Headcount was 71,469 as of June 30, a decrease of 14 per cent year-over-year. Approximately half of the employees impacted by the 2023 layoffs are included in the reported headcount…reports Asian Lite News

Meta has released its financial results report for the second quarter (Q2) of this year ended on June 30, in which it revealed that revenue was $32 billion — an increase of 11 per cent year-over-year — and Facebook’s monthly active users were 3.03 billion — a spike of 3 per cent year-over-year.

“We had a good quarter. We continue to see strong engagement across our apps and we have the most exciting roadmap I’ve seen in a while with Llama 2, Threads, Reels, new AI products in the pipeline, and the launch of Quest 3 this fall,” Meta founder and CEO Mark Zuckerberg said in the report on Wednesday.

Moreover, the company reported that Facebook’s daily active users were 2.06 billion on average for June, an increase of 5 per cent year-over-year.

“Long-term debt was $18.38 billion as of June 30, 2023,” it added.

Headcount was 71,469 as of June 30, a decrease of 14 per cent year-over-year. Approximately half of the employees impacted by the 2023 layoffs are included in the reported headcount.

“Beginning in 2022, we initiated several measures to pursue greater efficiency and to realign our business and strategic priorities. As of June 30, we have substantially completed planned employee layoffs while continuing to assess facilities consolidation and data centre restructuring initiatives,” the company claimed.

Meta expects the third quarter (Q3) 2023 total revenue to be in the range of $32-$34.5 billion.

It also anticipates that the full-year 2023 total expenses will be in the range of $88-$91 billion, increased from the prior range of $86-$90 billion.

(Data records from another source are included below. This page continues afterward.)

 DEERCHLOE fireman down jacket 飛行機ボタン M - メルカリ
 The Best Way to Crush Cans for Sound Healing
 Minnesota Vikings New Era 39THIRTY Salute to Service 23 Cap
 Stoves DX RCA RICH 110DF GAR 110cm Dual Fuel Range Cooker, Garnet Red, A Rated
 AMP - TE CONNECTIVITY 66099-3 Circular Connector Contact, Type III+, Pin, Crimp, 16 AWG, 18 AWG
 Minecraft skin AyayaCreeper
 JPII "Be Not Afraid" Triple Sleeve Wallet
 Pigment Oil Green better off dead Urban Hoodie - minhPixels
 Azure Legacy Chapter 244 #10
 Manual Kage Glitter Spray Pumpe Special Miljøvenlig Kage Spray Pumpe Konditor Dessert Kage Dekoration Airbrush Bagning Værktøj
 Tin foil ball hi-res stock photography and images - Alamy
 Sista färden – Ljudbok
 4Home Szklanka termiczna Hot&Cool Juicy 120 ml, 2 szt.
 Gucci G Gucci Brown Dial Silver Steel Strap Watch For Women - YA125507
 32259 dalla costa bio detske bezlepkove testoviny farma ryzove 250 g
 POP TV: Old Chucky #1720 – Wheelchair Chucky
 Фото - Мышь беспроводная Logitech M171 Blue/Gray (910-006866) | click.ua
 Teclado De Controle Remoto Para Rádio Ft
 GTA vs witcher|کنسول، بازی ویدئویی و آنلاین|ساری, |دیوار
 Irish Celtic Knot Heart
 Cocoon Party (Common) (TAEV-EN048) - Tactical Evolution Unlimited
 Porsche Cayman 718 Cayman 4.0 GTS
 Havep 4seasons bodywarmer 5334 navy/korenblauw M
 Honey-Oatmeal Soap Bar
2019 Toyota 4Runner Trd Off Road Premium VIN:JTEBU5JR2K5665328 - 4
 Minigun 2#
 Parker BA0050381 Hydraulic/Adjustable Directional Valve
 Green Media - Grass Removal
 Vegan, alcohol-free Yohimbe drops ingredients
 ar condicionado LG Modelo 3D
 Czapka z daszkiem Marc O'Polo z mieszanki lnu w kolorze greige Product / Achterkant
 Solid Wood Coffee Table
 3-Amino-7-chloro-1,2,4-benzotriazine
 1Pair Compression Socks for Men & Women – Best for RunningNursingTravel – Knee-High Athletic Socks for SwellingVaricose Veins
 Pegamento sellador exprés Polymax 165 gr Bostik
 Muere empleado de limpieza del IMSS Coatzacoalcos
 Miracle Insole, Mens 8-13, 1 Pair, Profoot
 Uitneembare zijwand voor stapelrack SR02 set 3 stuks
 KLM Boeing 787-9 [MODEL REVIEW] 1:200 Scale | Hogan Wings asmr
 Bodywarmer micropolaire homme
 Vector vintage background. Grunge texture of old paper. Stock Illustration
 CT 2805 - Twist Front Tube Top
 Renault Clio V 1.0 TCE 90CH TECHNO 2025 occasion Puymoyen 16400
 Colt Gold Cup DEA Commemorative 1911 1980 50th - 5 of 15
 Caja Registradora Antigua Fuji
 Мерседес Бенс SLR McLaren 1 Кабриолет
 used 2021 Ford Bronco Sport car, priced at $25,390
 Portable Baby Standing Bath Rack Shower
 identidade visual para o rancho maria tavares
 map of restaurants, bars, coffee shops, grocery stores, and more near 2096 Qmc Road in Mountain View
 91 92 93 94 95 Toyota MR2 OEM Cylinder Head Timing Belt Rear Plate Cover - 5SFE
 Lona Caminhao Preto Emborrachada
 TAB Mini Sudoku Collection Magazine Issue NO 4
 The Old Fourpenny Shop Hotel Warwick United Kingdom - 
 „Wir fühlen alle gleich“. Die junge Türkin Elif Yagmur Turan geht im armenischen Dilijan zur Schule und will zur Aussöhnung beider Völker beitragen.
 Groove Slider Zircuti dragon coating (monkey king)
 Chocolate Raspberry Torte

This outlook includes about $4 billion of restructuring costs related to facilities consolidation charges and severance and other personnel costs.

Moreover, Meta said that it is expecting higher infrastructure-related costs next year.

“For Reality Labs, we expect operating losses to increase meaningfully year-over-year due to our ongoing product development efforts in augmented reality/virtual reality and investments to further scale our ecosystem,” it added.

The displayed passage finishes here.